Problem to solve: Only an exact retyping of all the entries counts as an answer.

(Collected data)
**********

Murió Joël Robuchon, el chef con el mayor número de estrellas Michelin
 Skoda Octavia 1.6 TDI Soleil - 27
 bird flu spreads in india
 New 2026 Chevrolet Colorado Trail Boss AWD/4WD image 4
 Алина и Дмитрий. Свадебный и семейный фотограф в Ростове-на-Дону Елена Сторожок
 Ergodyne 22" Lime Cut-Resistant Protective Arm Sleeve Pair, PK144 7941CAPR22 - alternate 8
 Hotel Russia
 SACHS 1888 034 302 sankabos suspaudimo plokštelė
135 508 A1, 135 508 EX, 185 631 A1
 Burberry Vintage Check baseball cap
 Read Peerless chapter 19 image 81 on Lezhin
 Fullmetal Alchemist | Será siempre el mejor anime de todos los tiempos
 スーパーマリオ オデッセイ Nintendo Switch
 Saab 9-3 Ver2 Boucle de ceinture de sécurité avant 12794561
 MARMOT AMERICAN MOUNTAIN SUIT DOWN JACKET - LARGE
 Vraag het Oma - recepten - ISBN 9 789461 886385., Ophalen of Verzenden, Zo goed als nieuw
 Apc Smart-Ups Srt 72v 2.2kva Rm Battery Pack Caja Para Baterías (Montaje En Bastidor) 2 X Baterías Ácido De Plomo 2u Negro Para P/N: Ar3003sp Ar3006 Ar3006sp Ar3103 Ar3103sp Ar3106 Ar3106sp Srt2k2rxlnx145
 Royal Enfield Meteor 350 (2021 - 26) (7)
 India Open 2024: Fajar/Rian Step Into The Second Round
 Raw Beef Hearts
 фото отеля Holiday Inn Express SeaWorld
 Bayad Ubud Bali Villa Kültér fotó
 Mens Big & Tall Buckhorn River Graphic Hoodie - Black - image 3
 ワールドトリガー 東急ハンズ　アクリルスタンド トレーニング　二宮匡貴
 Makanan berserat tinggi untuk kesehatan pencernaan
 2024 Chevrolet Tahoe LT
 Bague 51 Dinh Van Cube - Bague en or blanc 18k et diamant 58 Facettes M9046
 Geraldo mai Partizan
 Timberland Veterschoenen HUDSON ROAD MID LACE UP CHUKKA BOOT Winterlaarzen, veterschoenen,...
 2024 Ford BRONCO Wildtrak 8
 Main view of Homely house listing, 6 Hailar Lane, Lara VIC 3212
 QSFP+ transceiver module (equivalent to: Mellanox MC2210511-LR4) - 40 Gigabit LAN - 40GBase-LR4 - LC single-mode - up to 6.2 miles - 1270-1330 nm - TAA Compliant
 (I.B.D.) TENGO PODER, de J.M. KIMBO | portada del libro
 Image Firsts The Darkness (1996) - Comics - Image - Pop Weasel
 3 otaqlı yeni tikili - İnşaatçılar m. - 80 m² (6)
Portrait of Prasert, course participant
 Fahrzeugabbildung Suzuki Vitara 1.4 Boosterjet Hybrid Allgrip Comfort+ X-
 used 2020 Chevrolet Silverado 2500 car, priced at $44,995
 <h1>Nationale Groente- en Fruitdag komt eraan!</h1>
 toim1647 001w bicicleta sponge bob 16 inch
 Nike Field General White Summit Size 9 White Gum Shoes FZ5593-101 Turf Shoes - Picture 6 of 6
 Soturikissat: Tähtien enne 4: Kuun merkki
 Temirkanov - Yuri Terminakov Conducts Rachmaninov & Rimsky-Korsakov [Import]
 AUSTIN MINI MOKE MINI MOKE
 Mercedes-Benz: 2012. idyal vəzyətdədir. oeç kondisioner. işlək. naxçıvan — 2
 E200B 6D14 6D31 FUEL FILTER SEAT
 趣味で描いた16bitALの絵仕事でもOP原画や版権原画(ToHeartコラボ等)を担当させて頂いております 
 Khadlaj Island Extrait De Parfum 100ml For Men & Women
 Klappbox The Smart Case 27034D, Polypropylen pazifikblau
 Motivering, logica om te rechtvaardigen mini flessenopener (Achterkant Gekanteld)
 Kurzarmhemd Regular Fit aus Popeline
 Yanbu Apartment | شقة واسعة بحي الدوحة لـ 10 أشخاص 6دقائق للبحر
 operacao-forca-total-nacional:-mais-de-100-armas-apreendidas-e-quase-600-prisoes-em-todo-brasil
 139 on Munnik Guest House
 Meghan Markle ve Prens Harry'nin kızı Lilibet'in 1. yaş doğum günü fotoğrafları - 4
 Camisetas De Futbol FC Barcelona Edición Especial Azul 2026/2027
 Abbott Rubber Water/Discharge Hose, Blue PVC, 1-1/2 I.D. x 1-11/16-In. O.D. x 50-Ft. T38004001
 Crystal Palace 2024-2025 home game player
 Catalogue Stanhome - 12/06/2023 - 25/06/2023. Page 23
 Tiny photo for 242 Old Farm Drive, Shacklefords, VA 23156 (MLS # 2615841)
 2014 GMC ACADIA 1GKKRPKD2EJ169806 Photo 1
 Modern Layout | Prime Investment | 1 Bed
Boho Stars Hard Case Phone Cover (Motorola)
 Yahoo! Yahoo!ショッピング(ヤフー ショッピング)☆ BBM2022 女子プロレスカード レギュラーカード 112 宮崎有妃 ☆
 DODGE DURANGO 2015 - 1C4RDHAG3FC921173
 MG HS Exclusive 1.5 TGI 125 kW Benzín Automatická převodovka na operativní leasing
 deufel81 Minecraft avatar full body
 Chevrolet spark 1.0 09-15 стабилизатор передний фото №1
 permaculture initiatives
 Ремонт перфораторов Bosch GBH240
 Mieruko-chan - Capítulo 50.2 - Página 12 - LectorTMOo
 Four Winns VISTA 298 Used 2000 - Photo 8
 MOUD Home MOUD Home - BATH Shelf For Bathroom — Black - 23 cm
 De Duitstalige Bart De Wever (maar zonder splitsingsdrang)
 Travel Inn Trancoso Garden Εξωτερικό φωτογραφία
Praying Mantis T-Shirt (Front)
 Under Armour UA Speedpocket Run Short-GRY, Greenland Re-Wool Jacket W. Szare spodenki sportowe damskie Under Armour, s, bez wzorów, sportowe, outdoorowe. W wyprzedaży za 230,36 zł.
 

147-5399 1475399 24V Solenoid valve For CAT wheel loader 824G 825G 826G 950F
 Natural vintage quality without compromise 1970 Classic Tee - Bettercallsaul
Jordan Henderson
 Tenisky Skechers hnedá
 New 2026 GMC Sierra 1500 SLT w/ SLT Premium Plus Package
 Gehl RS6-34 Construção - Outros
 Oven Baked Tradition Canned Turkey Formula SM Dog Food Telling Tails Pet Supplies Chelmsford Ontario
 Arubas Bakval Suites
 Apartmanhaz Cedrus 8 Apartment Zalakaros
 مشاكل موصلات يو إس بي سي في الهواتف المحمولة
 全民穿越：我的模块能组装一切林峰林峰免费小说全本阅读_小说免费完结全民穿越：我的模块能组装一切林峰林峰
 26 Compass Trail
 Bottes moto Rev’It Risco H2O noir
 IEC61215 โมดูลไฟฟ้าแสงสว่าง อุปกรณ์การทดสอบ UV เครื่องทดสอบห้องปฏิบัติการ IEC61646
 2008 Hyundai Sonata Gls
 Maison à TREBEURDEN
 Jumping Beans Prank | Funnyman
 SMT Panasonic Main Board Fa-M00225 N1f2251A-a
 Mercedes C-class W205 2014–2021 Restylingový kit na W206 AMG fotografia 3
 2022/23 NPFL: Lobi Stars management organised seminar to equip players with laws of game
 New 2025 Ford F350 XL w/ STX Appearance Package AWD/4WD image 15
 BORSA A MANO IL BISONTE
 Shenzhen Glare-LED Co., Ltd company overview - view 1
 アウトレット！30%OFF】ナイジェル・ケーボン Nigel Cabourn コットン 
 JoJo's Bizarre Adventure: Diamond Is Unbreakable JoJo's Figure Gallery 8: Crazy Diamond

**********

Solution below:
Murió Joël Robuchon, el chef con el mayor número de estrellas Michelin
 Skoda Octavia 1.6 TDI Soleil - 27
 bird flu spreads in india
 New 2026 Chevrolet Colorado Trail Boss AWD/4WD image 4
 Алина и Дмитрий. Свадебный и семейный фотограф в Ростове-на-Дону Елена Сторожок
 Ergodyne 22" Lime Cut-Resistant Protective Arm Sleeve Pair, PK144 7941CAPR22 - alternate 8
 Hotel Russia
 SACHS 1888 034 302 sankabos suspaudimo plokštelė
135 508 A1, 135 508 EX, 185 631 A1
 Burberry Vintage Check baseball cap
 Read Peerless chapter 19 image 81 on Lezhin
 Fullmetal Alchemist | Será siempre el mejor anime de todos los tiempos
 スーパーマリオ オデッセイ Nintendo Switch
 Saab 9-3 Ver2 Boucle de ceinture de sécurité avant 12794561
 MARMOT AMERICAN MOUNTAIN SUIT DOWN JACKET - LARGE
 Vraag het Oma - recepten - ISBN 9 789461 886385., Ophalen of Verzenden, Zo goed als nieuw
 Apc Smart-Ups Srt 72v 2.2kva Rm Battery Pack Caja Para Baterías (Montaje En Bastidor) 2 X Baterías Ácido De Plomo 2u Negro Para P/N: Ar3003sp Ar3006 Ar3006sp Ar3103 Ar3103sp Ar3106 Ar3106sp Srt2k2rxlnx145
 Royal Enfield Meteor 350 (2021 - 26) (7)
 India Open 2024: Fajar/Rian Step Into The Second Round
 Raw Beef Hearts
 фото отеля Holiday Inn Express SeaWorld
 Bayad Ubud Bali Villa Kültér fotó
 Mens Big & Tall Buckhorn River Graphic Hoodie - Black - image 3
 ワールドトリガー 東急ハンズ　アクリルスタンド トレーニング　二宮匡貴
 Makanan berserat tinggi untuk kesehatan pencernaan
 2024 Chevrolet Tahoe LT
 Bague 51 Dinh Van Cube - Bague en or blanc 18k et diamant 58 Facettes M9046
 Geraldo mai Partizan
 Timberland Veterschoenen HUDSON ROAD MID LACE UP CHUKKA BOOT Winterlaarzen, veterschoenen,...
 2024 Ford BRONCO Wildtrak 8
 Main view of Homely house listing, 6 Hailar Lane, Lara VIC 3212
 QSFP+ transceiver module (equivalent to: Mellanox MC2210511-LR4) - 40 Gigabit LAN - 40GBase-LR4 - LC single-mode - up to 6.2 miles - 1270-1330 nm - TAA Compliant
 (I.B.D.) TENGO PODER, de J.M. KIMBO | portada del libro
 Image Firsts The Darkness (1996) - Comics - Image - Pop Weasel
 3 otaqlı yeni tikili - İnşaatçılar m. - 80 m² (6)
Portrait of Prasert, course participant
 Fahrzeugabbildung Suzuki Vitara 1.4 Boosterjet Hybrid Allgrip Comfort+ X-
 used 2020 Chevrolet Silverado 2500 car, priced at $44,995
 <h1>Nationale Groente- en Fruitdag komt eraan!</h1>
 toim1647 001w bicicleta sponge bob 16 inch
 Nike Field General White Summit Size 9 White Gum Shoes FZ5593-101 Turf Shoes - Picture 6 of 6
 Soturikissat: Tähtien enne 4: Kuun merkki
 Temirkanov - Yuri Terminakov Conducts Rachmaninov & Rimsky-Korsakov [Import]
 AUSTIN MINI MOKE MINI MOKE
 Mercedes-Benz: 2012. idyal vəzyətdədir. oeç kondisioner. işlək. naxçıvan — 2
 E200B 6D14 6D31 FUEL FILTER SEAT
 趣味で描いた16bitALの絵仕事でもOP原画や版権原画(ToHeartコラボ等)を担当させて頂いております 
 Khadlaj Island Extrait De Parfum 100ml For Men & Women
 Klappbox The Smart Case 27034D, Polypropylen pazifikblau
 Motivering, logica om te rechtvaardigen mini flessenopener (Achterkant Gekanteld)
 Kurzarmhemd Regular Fit aus Popeline
 Yanbu Apartment | شقة واسعة بحي الدوحة لـ 10 أشخاص 6دقائق للبحر
 operacao-forca-total-nacional:-mais-de-100-armas-apreendidas-e-quase-600-prisoes-em-todo-brasil
 139 on Munnik Guest House
 Meghan Markle ve Prens Harry'nin kızı Lilibet'in 1. yaş doğum günü fotoğrafları - 4
 Camisetas De Futbol FC Barcelona Edición Especial Azul 2026/2027
 Abbott Rubber Water/Discharge Hose, Blue PVC, 1-1/2 I.D. x 1-11/16-In. O.D. x 50-Ft. T38004001
 Crystal Palace 2024-2025 home game player
 Catalogue Stanhome - 12/06/2023 - 25/06/2023. Page 23
 Tiny photo for 242 Old Farm Drive, Shacklefords, VA 23156 (MLS # 2615841)
 2014 GMC ACADIA 1GKKRPKD2EJ169806 Photo 1
 Modern Layout | Prime Investment | 1 Bed
Boho Stars Hard Case Phone Cover (Motorola)
 Yahoo! Yahoo!ショッピング(ヤフー ショッピング)☆ BBM2022 女子プロレスカード レギュラーカード 112 宮崎有妃 ☆
 DODGE DURANGO 2015 - 1C4RDHAG3FC921173
 MG HS Exclusive 1.5 TGI 125 kW Benzín Automatická převodovka na operativní leasing
 deufel81 Minecraft avatar full body
 Chevrolet spark 1.0 09-15 стабилизатор передний фото №1
 permaculture initiatives
 Ремонт перфораторов Bosch GBH240
 Mieruko-chan - Capítulo 50.2 - Página 12 - LectorTMOo
 Four Winns VISTA 298 Used 2000 - Photo 8
 MOUD Home MOUD Home - BATH Shelf For Bathroom — Black - 23 cm
 De Duitstalige Bart De Wever (maar zonder splitsingsdrang)
 Travel Inn Trancoso Garden Εξωτερικό φωτογραφία
Praying Mantis T-Shirt (Front)
 Under Armour UA Speedpocket Run Short-GRY, Greenland Re-Wool Jacket W. Szare spodenki sportowe damskie Under Armour, s, bez wzorów, sportowe, outdoorowe. W wyprzedaży za 230,36 zł.
 

147-5399 1475399 24V Solenoid valve For CAT wheel loader 824G 825G 826G 950F
 Natural vintage quality without compromise 1970 Classic Tee - Bettercallsaul
Jordan Henderson
 Tenisky Skechers hnedá
 New 2026 GMC Sierra 1500 SLT w/ SLT Premium Plus Package
 Gehl RS6-34 Construção - Outros
 Oven Baked Tradition Canned Turkey Formula SM Dog Food Telling Tails Pet Supplies Chelmsford Ontario
 Arubas Bakval Suites
 Apartmanhaz Cedrus 8 Apartment Zalakaros
 مشاكل موصلات يو إس بي سي في الهواتف المحمولة
 全民穿越：我的模块能组装一切林峰林峰免费小说全本阅读_小说免费完结全民穿越：我的模块能组装一切林峰林峰
 26 Compass Trail
 Bottes moto Rev’It Risco H2O noir
 IEC61215 โมดูลไฟฟ้าแสงสว่าง อุปกรณ์การทดสอบ UV เครื่องทดสอบห้องปฏิบัติการ IEC61646
 2008 Hyundai Sonata Gls
 Maison à TREBEURDEN
 Jumping Beans Prank | Funnyman
 SMT Panasonic Main Board Fa-M00225 N1f2251A-a
 Mercedes C-class W205 2014–2021 Restylingový kit na W206 AMG fotografia 3
 2022/23 NPFL: Lobi Stars management organised seminar to equip players with laws of game
 New 2025 Ford F350 XL w/ STX Appearance Package AWD/4WD image 15
 BORSA A MANO IL BISONTE
 Shenzhen Glare-LED Co., Ltd company overview - view 1
 アウトレット！30%OFF】ナイジェル・ケーボン Nigel Cabourn コットン 
 JoJo's Bizarre Adventure: Diamond Is Unbreakable JoJo's Figure Gallery 8: Crazy Diamond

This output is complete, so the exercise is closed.